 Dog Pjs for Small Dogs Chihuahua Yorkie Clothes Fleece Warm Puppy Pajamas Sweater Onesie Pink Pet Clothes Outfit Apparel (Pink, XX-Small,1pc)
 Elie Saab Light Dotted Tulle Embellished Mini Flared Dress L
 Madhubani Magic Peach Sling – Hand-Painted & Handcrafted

****

Retype every line of the material exactly as given.

 Dog Pjs for Small Dogs Chihuahua Yorkie Clothes Fleece Warm Puppy Pajamas Sweater Onesie Pink Pet Clothes Outfit Apparel (Pink, XX-Small,1pc)
 Elie Saab Light Dotted Tulle Embellished Mini Flared Dress L
 Madhubani Magic Peach Sling – Hand-Painted & Handcrafted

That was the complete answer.